Blackstone is banking on bright days ahead for the single-family rental sector, agreeing to acquire major landlord Tricon Residential for $3.5 billion.
Blackstone will pay $11.25 per share for the Toronto-based company, Bloomberg reported, a premium on the stock’s Thursday closing price of $8.63. Blackstone Real Estate Partners X and Blackstone Real Estate Income Trust are partnering on the acquisition.
BREIT is maintaining an 11 percent ownership stake in Tricon following the deal’s closing, which is expected to come in the second quarter. Four years ago, Blackstone led a preferred equity investment in Tricon.
Led by former Goldman Sachs banker Gary Berman, Tricon holds a portfolio of roughly 38,000 single-family rental homes nationwide. The company also owns apartment buildings in Toronto and some land expected to be developed.
Blackstone plans on completing $3.5 billion worth of projects Tricon already has in the pipeline. It will also work on $1 billion worth of capital projects in the coming years.

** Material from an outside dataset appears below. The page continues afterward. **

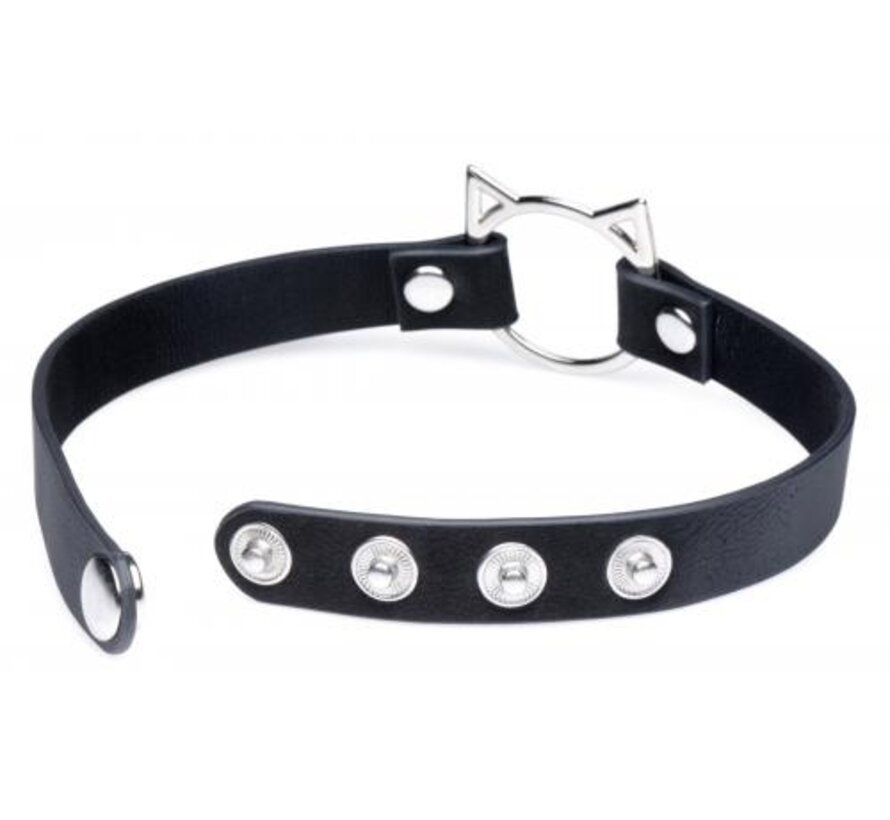 Kinky Kitty Ring Slim Choker - Zwart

Tricon is one of the major single-family rental landlords taking advantage of the sector’s resilience, as single-family rents have proven to be more solidified than apartment rents in recent months. In the third quarter, Tricon posted rent increases above 6 percent year-over-year, something Berman directly tied to the housing market.
Blackstone has been a critical backer of single-family rental efforts for the last decade.
After selling off its shares in Invitation Homes in 2019, post-pandemic trends beckoned Blackstone back into the sector. In June 2021, the investment giant made a $6 billion bet on Home Partners of America, buying a portfolio of 17,000 properties. Blackstone was likely anticipating a boom on rent-to-own demand, as housing affordability decreased across the country.
Two years ago, Blackstone planned to spend $1 billion to expand its affordable single-family rental offerings, looking to invest those funds in roughly 4,000 properties in a two-year period. Run by Home Partners, the Choice Lease program was designed for households earning 80 percent or less of their area’s median income; the program offers participants a 10 percent reduction on their monthly rent.
The program could help Home Partners scale its offerings to those who couldn’t previously afford to rent from the company.